# New Haunted Portrait - $50 writing Contest



## hauntedportraits.com (Jul 12, 2004)

All of my artwork has a story to tell. This time I'm giving my devious customers the opportunity to write the story for my newest Haunted Portrait "Emmett". The winner will receive a $50 HauntedPortraits Gift Certificate. Sharpen your pencils and mold the tale of what happened to Emmett. Stories should be 100 words are less. E-mail your story to [email protected]. The winner will be chosen Saturday February 12th and their story will become part of the permanent history of my newest creation Emmett. Good luck to all.

www.hauntedportraits.com


----------



## DaveintheGrave (Feb 12, 2004)

Who ended up winning? Just wondered because I entered.

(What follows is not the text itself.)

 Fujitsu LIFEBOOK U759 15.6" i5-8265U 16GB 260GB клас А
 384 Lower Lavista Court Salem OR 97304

Guess it wasn't me.....


----------



## Empress Nightshade (Jul 6, 2004)

Dave,

I did.


----------



## CreepyKitty (Jul 19, 2004)

Congratz again Empress!!  *hugs*


----------



## Empress Nightshade (Jul 6, 2004)

Thanks, Creepy!


----------



## frightmaster (Jun 8, 2004)

I think it was fixed. LOL Just kidding there.

WAY TO GO.


----------



## DaveintheGrave (Feb 12, 2004)

Congratulations Empress !!! Dang--and I thought my back story was pretty good. I knew I shouldn't have written it in Spanish. Oh, well--back to the drawing board........if there is a next time.


----------



## Empress Nightshade (Jul 6, 2004)

Thanks a lot, Dave!!


----------